Activity: When you reach the line containing "El equilibrio de", begin reproducing the material exactly, stop after the line containing "An adult medium-sized", and leave out any pictures along the way.
*** Opening of Given information ***
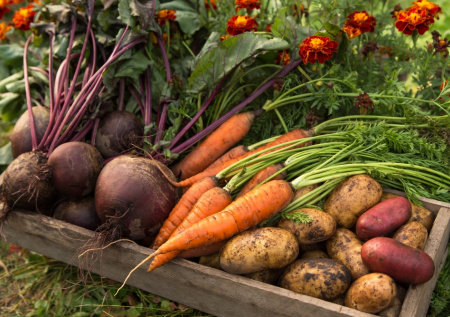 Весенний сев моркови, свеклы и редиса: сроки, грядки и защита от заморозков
*** Close of Given information ***
*** Opening of Given information ***
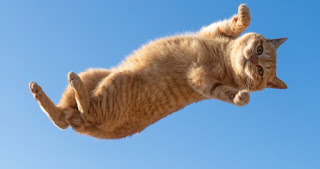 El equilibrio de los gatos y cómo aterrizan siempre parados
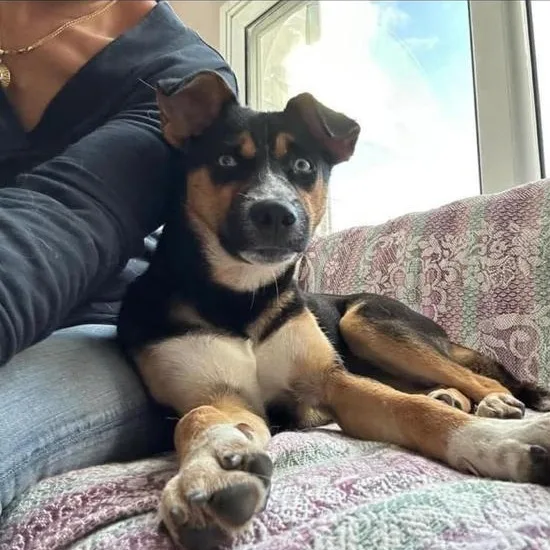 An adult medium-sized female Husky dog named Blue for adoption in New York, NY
*** Close of Given information ***
*** Opening of Given information ***
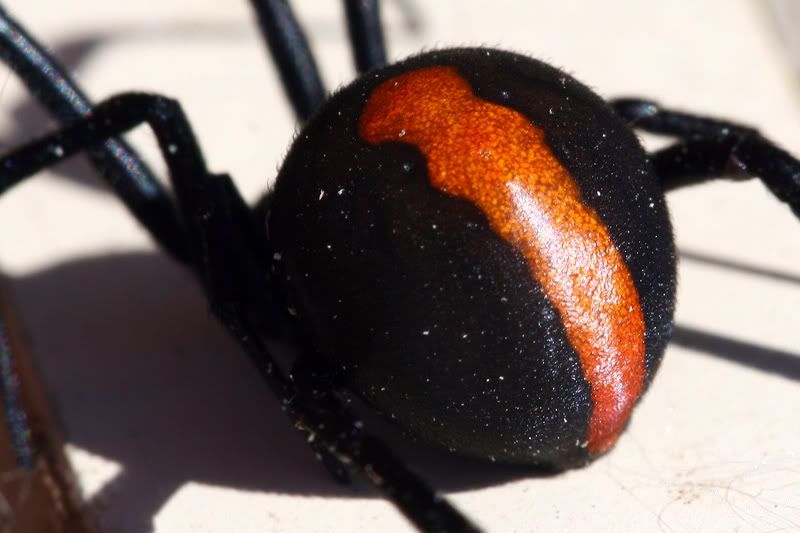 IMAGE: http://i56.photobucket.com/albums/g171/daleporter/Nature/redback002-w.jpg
*** Close of Given information ***
Exercise solution:
 El equilibrio de los gatos y cómo aterrizan siempre parados
 An adult medium-sized female Husky dog named Blue for adoption in New York, NY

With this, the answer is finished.